Il credito di imposta introdotto dal c.d. Superbonus è uno strumento fiscale che può generare rischi penali particolarmente significativi. La disciplina è nota: la detrazione, nella misura del 110%, è prevista per le spese documentate e rimaste a carico del contribuente, sostenute dal 1° luglio 2020 al 30 giugno 2022. Tale previsione è valida per una serie di interventi di natura energetica o edilizia, espressamente previsti dal legislatore, a condizione che gli interventi stessi consentano un miglioramento di almeno due classi energetiche dell’edificio (o comunque il raggiungimento della classe più alta) e che i medesimi siano “asseverati”, sul piano tecnico, da tecnici abilitati circa il rispetto delle condizioni imposte dalla normativa.

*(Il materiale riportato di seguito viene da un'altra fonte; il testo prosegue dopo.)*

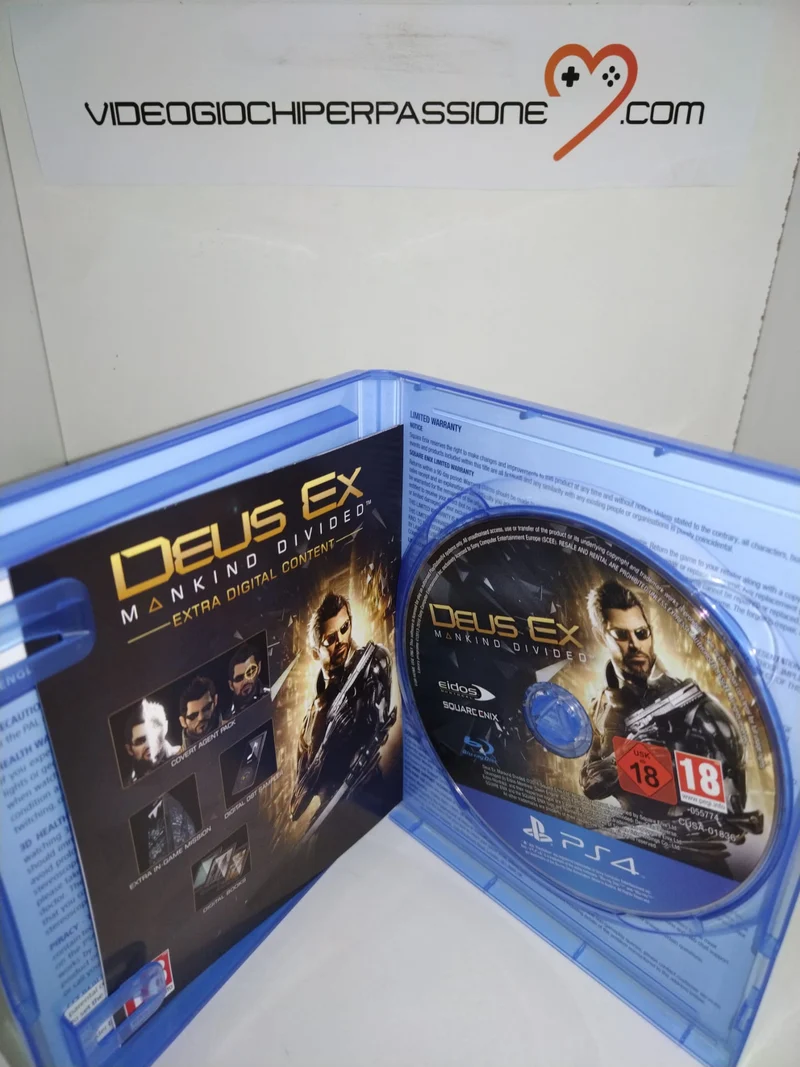 DEUS EX MANKIND DIVIDED -PS4 (usato garantito)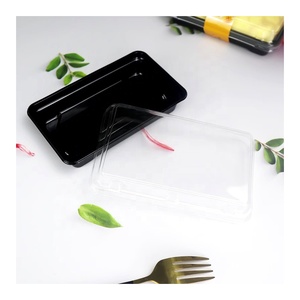 Temizle pasta kek dilim ekmek aperatif unlu gıda ambalaj dikdörtgen kare plastik kapaklı PET kutu şeffaf kutu götürmek - Product Image 1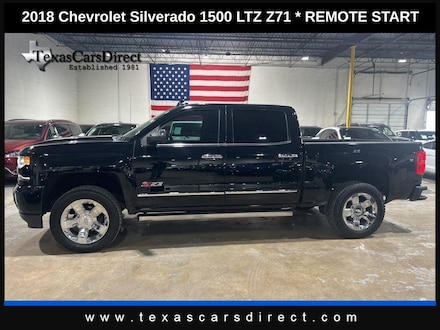 2018 Chevrolet Silverado 1500 LTZ 6.2L V8 CREW CAB 4X4 2LZ/LTZ PLUS-$13K OPTIONS Truck Crew Cab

Le ragioni che hanno spinto il legislatore a questo intervento sono evidenti. Il Superbonus si pone – o meglio, vuole porsi – come un mezzo di rilancio della economia, con particolare riferimento al settore edilizio e garantendo altresì una generale riqualificazione del patrimonio immobiliare del Paese. Ma quella che è una profittevole opportunità nasconde, al tempo stesso, svariati profili di rischio in termini di responsabilità penale. L’ipotesi più intuibile e, per certi versi, ovvia è quella di un ottenimento del Superbonus senza la sussistenza dei requisiti per averne diritto, magari con la compiacenza e la correità dei professionisti e dei tecnici coinvolti nella relativa procedura.
Elemento chiave saranno le fatture emesse in corso d’opera. Criticità qualitative o quantitative nella compilazione delle fatture emesse, ad esempio, da parte del fornitore o del professionista attestatore potrebbero condurre alla contestazione di reati tributari.

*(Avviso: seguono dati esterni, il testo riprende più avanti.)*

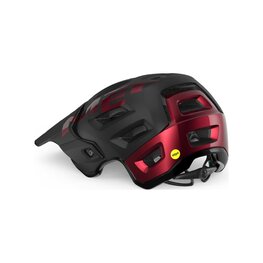 MET Cycling helmet - ROAM MIPS - black/red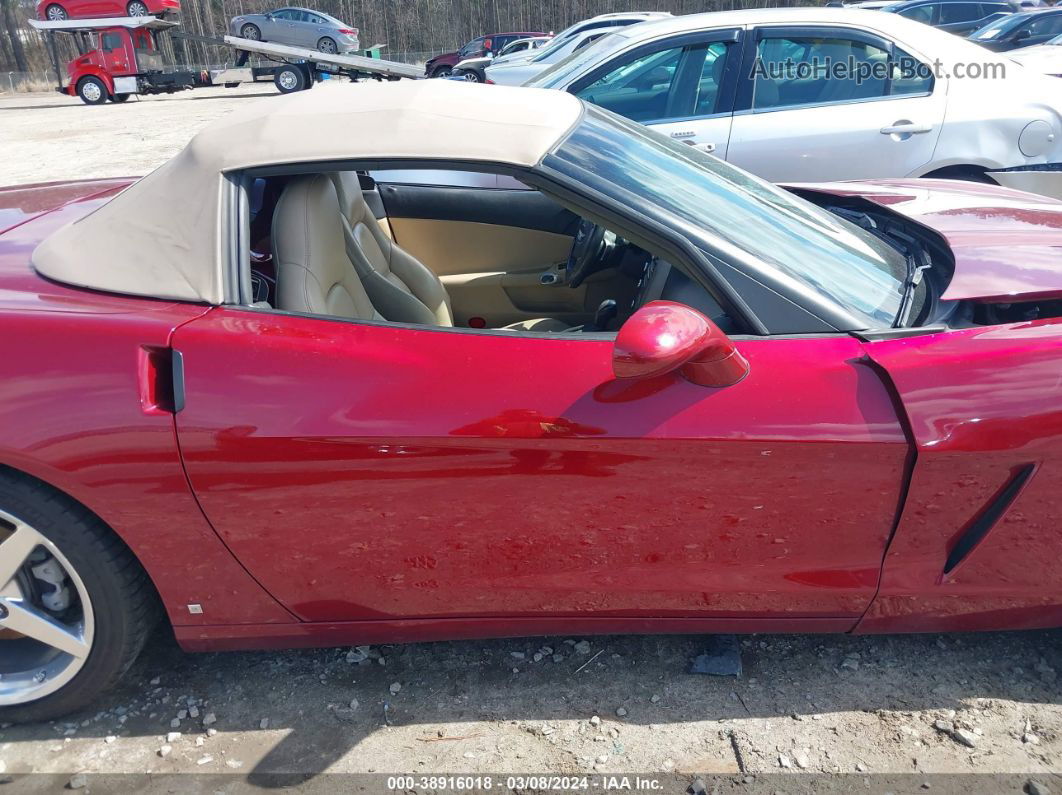 2006 Chevrolet Corvette   Burgundy vin: 1G1YY36UX65120853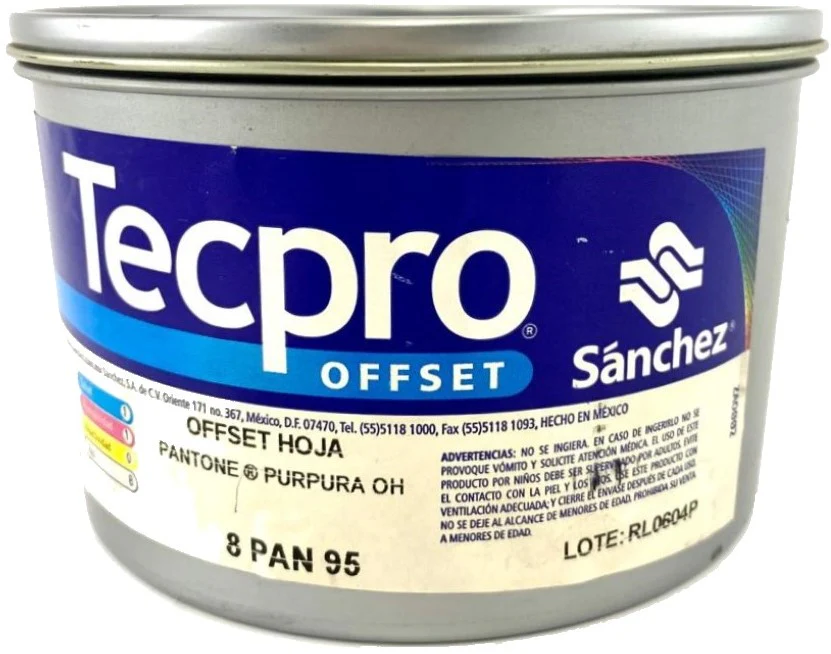 Tinta tono Pantone® Tecpro offset Sanchez® [Kilo/Contenedor plástico] - Image 14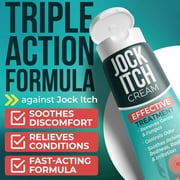 Jock Itch Cream | Extra Strength Antifungal Treatment for Groin & Inner Thighs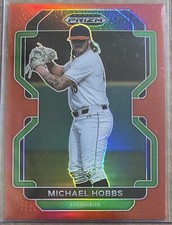 Michael Hobbs 2022 Panini Prizm Draft Picks #PDP220 Red Prizm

Variegate sono le situazioni che possono immaginarsi, quali l’indicazione di un valore di intervento “gonfiato” in fattura, la fatturazione di costi “maggiorati”, la discrasia nella intestazione della fattura (magari ad un soggetto, legittimato ad accedere al bonus, diverso da quello nella realtà effettivamente beneficiario dell’intervento). In tutti questi casi, potrebbero facilmente essere contestate fattispecie di falsa fatturazione, oggettiva o soggettiva, totale o parziale. Ciò, tanto sul versante della emissione della fattura falsa (art. 8 D.lgs. 74/2000),quanto su quello del suo utilizzo in dichiarazione (art. 2 D.lgs. 74/2000). La situazione potrebbe, in un certo senso, aggravarsi o comunque ampliarsi laddove le autorità inquirenti dovessero ritenere di contestare anche ipotesi di truffa ai danni dello Stato, astrattamente configurabili in un caso del genere.

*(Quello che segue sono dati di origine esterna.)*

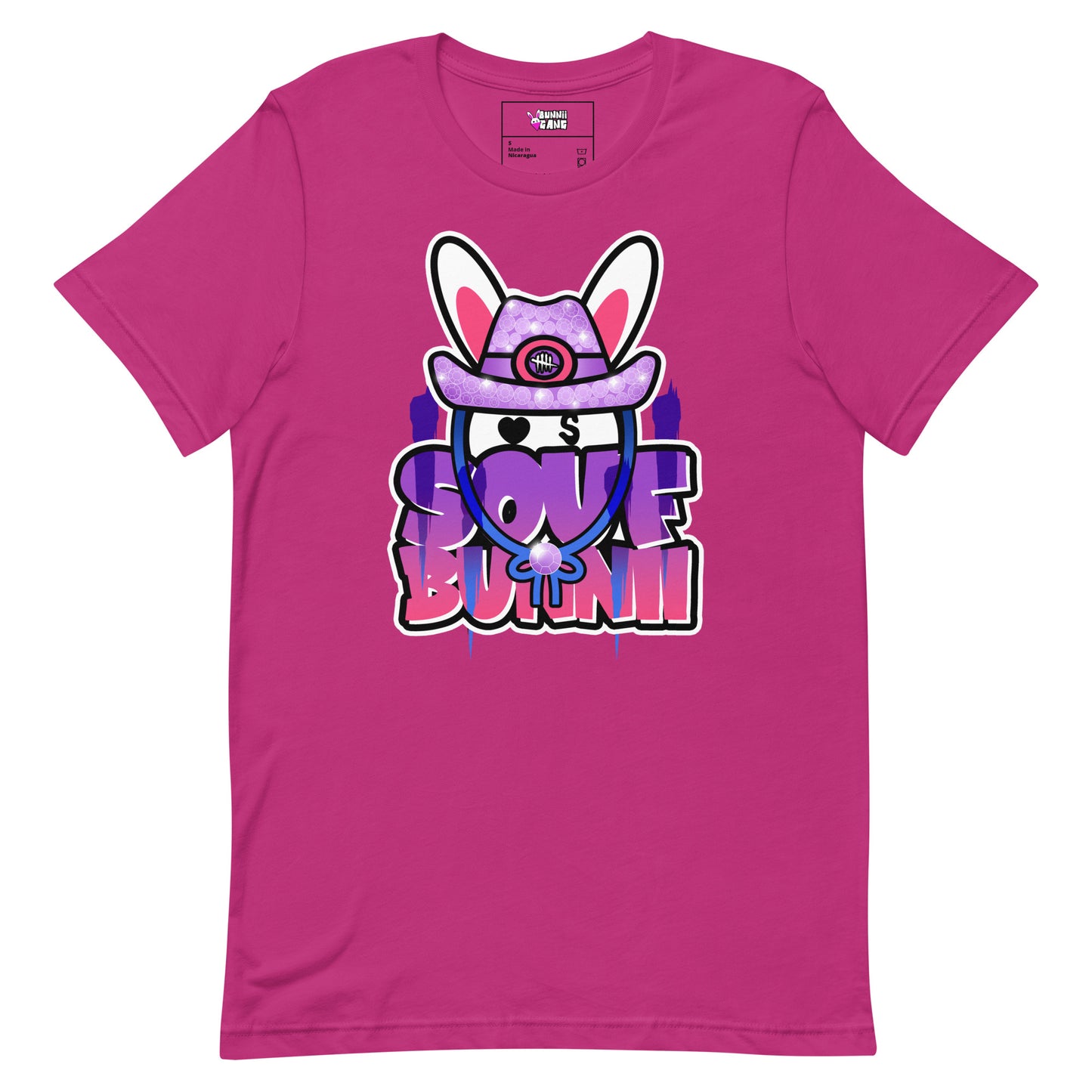 BUNNII GANG "SOUF BUNNII" Unisex t-shirt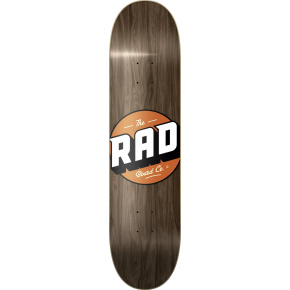 Tabla de skate con logotipo sólido RAD (8.25"|Arce antiguo)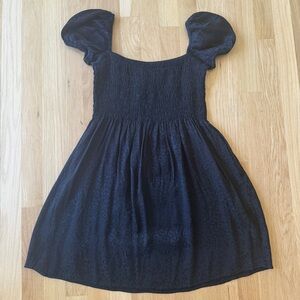 Motel Rocks Black Mini Dress. S.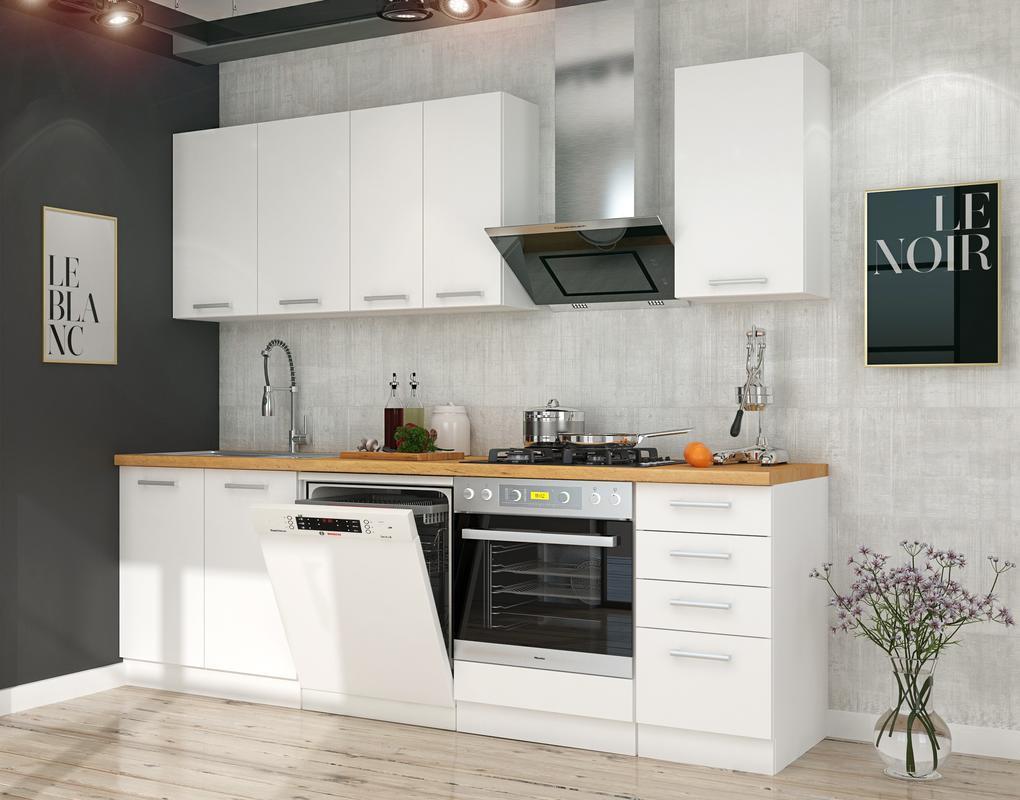 Kuchyňská linka Eko white - 240 cm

Particolare attenzione dovrà essere posta anche sui visti di conformità della documentazione necessaria ai fini della cessione del credito. Si tratta, dunque, di un aspetto che interessa soprattutto i professionisti, quali dottori commercialisti, ragionieri, periti commerciali, consulenti del lavoro o responsabili dei centri di assistenza fiscale). Eventuali anomalie sul punto, infatti, potrebbero integrare gli estremi di falsità ideologiche.
Ancora, il contribuente che si avvalga, fraudolentemente, di documenti “falsi” per ottenere, ovviamente in modo illegittimo, il beneficio fiscale del Superbonus, potrebbe anche esser chiamato a rispondere del delitto di frode fiscale di cui all’art. 3 del D.Lgs. 74/2000.
La normativa – si tenga presente – è ancora in evoluzione nel momento in cui questo articolo viene scritto. È pertanto possibile che il quadro dei potenziali rischi penali si modifichi nuovamente.
Traendo le conclusioni: il Superbonus è una grande opportunità, ma occorre porre molta attenzione e cautela alla sua gestione, onde evitare profili di rischio non indifferenti.